The more you can do to preserve the life of your boat, motor and trailer,
the more happy boating days you will have left.
and not sitting in the driveway addressing corrosion issues when you could be boating.

Jus my Dos Centavos

Didn't flush once,family raised hell bout the smell..................oh wait ,you're talk about an out board :LOL2:

in both cases...........always flush
I've changed water pumps on several motors that are exclusively saltwater use, with no chance for flushing (Kickers, dinghies) The large majority of the lower is usually in good shape. However, the area directly under the waterpump, right at the driveshaft seal, is usually heavily corroded. This is one of the areas that doesn't tend to drain on it's own.

Also without flushing, there tends to be a significant amount of corrosion and salt build up in the cooling channels around the cylinders.

If you have the ability, I would suggest you flush as often as possible. If not, keep an eye on your cylinder temps every once in a while. If they start getting too high, you will need to consider pulling the head gasket and doing a deep clean.
As kofkorn mentioned, I have also noticed that the only part of the lower unit that really seems to suffer the effects of saltwater is the driveshaft seal where it goes into the lower unit.
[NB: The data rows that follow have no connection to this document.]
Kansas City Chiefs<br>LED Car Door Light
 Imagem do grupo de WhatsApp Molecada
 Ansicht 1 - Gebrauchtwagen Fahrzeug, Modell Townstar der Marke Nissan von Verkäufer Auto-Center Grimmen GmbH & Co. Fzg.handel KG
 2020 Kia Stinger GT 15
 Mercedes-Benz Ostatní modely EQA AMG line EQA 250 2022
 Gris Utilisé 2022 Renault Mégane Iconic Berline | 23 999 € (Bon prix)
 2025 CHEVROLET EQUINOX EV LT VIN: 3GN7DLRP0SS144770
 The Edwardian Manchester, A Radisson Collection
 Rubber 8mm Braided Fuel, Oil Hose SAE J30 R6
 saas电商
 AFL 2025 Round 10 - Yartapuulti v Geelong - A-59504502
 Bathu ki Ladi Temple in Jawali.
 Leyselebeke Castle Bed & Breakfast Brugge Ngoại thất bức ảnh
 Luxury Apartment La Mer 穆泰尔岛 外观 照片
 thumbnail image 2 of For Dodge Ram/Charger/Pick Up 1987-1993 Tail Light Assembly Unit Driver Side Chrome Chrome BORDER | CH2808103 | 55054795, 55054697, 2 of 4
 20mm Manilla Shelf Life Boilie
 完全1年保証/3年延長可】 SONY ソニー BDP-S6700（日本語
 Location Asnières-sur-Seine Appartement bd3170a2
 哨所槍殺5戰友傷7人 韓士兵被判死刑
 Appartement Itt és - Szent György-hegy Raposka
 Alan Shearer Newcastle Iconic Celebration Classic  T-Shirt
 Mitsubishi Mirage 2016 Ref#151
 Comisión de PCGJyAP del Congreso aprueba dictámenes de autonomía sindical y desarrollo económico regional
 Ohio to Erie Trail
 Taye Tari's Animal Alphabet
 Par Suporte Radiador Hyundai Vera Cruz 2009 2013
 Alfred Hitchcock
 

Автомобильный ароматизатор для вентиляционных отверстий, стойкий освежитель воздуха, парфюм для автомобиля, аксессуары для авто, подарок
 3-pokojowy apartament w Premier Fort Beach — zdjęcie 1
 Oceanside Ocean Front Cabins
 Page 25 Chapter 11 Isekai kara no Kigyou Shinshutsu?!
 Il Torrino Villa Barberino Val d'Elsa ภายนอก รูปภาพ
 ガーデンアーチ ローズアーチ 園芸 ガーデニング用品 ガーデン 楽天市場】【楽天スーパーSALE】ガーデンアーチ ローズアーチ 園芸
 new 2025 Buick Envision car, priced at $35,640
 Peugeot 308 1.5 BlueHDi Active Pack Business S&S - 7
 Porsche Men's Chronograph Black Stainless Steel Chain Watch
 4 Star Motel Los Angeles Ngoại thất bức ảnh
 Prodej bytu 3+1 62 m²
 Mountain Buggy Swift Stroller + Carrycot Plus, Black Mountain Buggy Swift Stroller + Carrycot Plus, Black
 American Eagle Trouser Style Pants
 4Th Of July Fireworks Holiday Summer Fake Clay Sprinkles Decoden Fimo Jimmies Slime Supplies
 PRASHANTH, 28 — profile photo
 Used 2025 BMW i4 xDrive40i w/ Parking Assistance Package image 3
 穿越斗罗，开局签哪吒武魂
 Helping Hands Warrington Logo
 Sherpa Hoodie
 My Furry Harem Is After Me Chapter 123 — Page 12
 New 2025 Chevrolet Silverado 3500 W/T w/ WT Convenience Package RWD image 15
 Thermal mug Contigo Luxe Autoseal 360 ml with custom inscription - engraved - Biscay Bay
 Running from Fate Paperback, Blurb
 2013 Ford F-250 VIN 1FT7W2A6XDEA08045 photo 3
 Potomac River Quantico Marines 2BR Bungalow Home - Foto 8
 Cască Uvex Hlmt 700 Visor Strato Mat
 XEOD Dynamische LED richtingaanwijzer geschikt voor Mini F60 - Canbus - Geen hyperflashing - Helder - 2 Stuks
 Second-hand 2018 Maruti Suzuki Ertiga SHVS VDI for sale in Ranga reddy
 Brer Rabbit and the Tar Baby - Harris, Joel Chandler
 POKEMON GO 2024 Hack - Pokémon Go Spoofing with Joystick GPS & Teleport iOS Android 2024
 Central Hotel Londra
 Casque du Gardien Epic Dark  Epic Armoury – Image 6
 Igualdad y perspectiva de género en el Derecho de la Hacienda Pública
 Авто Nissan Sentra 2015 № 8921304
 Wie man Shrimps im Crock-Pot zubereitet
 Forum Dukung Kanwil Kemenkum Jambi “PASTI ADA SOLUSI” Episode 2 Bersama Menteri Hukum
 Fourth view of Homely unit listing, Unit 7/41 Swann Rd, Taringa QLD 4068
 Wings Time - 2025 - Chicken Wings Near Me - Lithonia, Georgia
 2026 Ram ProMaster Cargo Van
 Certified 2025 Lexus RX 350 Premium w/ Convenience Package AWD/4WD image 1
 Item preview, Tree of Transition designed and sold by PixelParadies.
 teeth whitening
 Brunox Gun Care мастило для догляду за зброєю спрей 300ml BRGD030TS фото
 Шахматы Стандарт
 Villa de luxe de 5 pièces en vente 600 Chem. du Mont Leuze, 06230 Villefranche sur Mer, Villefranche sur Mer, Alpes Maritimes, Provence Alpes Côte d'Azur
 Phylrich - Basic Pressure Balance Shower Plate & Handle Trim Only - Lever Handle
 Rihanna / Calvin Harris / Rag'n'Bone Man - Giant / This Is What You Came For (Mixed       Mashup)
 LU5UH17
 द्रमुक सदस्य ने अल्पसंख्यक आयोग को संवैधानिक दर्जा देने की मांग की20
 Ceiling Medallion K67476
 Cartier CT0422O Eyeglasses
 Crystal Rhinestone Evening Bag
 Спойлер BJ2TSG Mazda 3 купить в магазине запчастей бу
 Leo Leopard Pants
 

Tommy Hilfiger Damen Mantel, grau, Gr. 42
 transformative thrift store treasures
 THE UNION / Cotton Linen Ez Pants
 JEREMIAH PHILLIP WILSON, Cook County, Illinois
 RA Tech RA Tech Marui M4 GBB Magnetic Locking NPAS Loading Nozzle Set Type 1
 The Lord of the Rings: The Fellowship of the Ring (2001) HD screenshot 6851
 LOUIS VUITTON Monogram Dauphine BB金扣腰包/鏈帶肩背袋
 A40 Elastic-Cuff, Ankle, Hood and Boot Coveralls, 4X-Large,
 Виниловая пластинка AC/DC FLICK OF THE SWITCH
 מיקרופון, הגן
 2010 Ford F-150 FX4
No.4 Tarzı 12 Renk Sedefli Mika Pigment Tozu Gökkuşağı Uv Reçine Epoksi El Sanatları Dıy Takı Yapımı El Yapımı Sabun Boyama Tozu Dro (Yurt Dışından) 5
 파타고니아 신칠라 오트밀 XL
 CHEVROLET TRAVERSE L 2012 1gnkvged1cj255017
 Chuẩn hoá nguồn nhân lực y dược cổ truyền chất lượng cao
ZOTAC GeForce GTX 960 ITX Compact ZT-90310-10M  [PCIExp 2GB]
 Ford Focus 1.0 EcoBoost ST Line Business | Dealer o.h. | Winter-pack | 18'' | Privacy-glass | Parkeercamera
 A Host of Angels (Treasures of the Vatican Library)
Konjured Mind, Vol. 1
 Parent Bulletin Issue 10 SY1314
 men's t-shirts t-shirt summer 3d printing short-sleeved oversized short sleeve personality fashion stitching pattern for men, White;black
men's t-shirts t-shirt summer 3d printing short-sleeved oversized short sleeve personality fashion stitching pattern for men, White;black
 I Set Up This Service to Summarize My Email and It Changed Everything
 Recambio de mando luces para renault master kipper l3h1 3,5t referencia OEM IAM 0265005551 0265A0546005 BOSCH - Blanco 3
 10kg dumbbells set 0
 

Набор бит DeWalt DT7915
I dredge with my outboard, (since the corps of engineers isn't going to clear my channel for me, I do it myself) so, I replace the impeller and housing as a set, as the sand usually wears out both of them, the housing is always gouged up pretty bad. But as long as the tell-tale is showing a steady stream of water it's generally OK. But if your outboard gets used like mine, it's a good idea to flush as often as you can, and change parts as needed.
My first boat was a Zodiac with a 50 HP Johnson, 1970's era. Bought it used from a dealer. When I did the test run, as he was setting it up, he grumbled it (boat & motor) had been on a trip to Baja and was wondering if the guys using it had flushed it out.

Yeah, right! Shortly after taking possession I noticed poor flow through the tell-tale. Poked a wire in and hit something. Pulled the water jacket and found it was packed with salt and half eaten through with corrosion. This presumably from a 1 week Baja trip (although now I wonder if it had ever been flushed).

I should have taken it back and demanded either repair or new motor. However, I just got a new water jacket, fixed it and moved on.

Anyways, now, 40 years later, it is flush, flush, flush. I also run some SaltAway through frequently.